Core Concepts
Weakly basic small molecule drugs exhibit slow intracellular diffusion and accumulation in lysosomes, which can reduce their cellular activity and efficacy.
Abstract
The study investigated the intracellular diffusion and distribution of a series of small molecule fluorescent drugs and proteins in HeLa cells. Key findings:
Acidic and neutral proteins diffused freely in the HeLa cell cytoplasm, with diffusion coefficients (Dconfocal) of 18-30 μm²/s and complete FRAP recovery.
Negatively charged small molecules like fluorescein and CCF2 also diffused relatively rapidly in cells, with Dconfocal values reduced by 2-3 fold compared to buffer due to cellular crowding.
In contrast, weakly basic small molecule drugs like the GSK3 inhibitor, quinacrine, mitoxantrone, primaquine, and amidoquine exhibited 10-20 fold slower diffusion (Dconfocal of 0.2-2 μm²/s) and lower fractional recovery after FRAP (0.2-0.5) compared to the acidic/neutral molecules.
The slow diffusion and low FRAP recovery of basic drugs correlated with their sequestration in acidic organelles, particularly lysosomes, due to cationic ion trapping.
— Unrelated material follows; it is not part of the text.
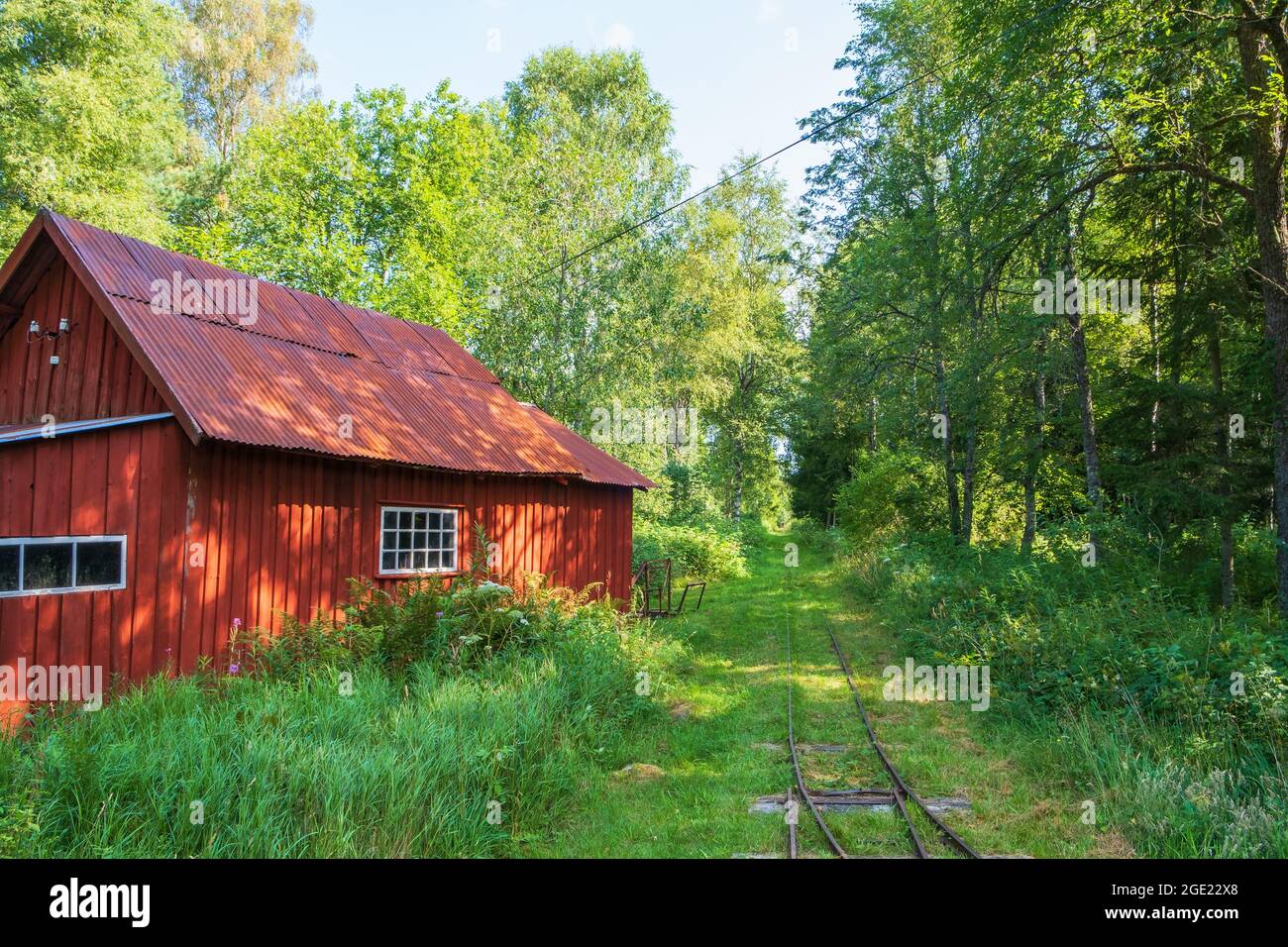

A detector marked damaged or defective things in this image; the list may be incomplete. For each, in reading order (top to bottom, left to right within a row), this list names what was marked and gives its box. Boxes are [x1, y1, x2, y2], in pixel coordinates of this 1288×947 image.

Blocking lysosomal acidification with Bafilomycin A1 or sodium azide only slightly improved the diffusion and FRAP recovery of the basic drugs.
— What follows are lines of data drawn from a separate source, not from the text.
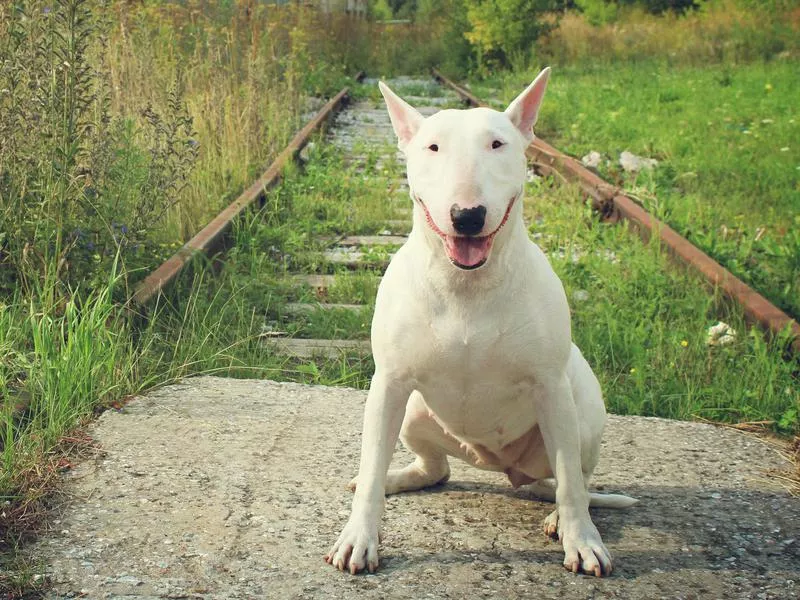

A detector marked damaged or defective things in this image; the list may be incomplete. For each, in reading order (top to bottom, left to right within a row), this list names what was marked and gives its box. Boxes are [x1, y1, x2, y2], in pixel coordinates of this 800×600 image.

rusty metal [133, 85, 352, 304]
rusty rail [133, 85, 352, 304]
rusty rail [432, 68, 800, 354]
rusty metal [432, 68, 800, 354]
cracked concrete surface [36, 378, 800, 596]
In contrast, blocking protonation by N-acetylation greatly enhanced the diffusion and FRAP recovery of the basic drugs, suggesting that protonation is the primary cause of their slow intracellular diffusion.
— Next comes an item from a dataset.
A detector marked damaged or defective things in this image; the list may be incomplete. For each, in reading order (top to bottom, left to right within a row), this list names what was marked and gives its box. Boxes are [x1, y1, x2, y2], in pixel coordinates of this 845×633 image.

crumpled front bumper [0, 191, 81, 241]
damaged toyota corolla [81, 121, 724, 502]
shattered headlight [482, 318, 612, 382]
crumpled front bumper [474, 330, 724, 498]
The findings highlight an important limitation in the standard rules for small molecule drug design, as the "stickiness" of basic drugs within the cell cytoplasm is not considered. Modulating the protonation state of basic drugs may improve their intracellular availability and distribution.
Stats
Fluorescein in PBS: Dconfocal = 56.5 ± 2.4 μm²/s
Fluorescein in HeLa cytoplasm: Dconfocal = 38.5 ± 2.0 μm²/s
GSK3 inhibitor in PBS + 50 mg/mL BSA: Dconfocal = 24.3 ± 0.5 μm²/s
GSK3 inhibitor in HeLa cytoplasm: Dconfocal = 0.61 ± 0.03 μm²/s
Quinacrine in PBS: Dconfocal = 41.9 ± 3.0 μm²/s
Quinacrine in HeLa cytoplasm: Dconfocal = 2.5 ± 0.1 μm²/s
Quotes
"While all proteins diffused freely, we found a strong correlation between pKa and the intracellular diffusion and distribution of small molecule drugs."
"Weakly basic, small-molecule drugs displayed lower fractional recovery after photobleaching and 10-to-20-fold slower diffusion rates in cells than in aqueous solutions."
"Protonation, facilitates the formation of membrane impermeable ionic form of the weak base small molecules. This results in ion trapping, further reducing diffusion rates of weakly basic small molecule drugs under macromolecular crowding conditions where other nonspecific interactions become more relevant and dominant."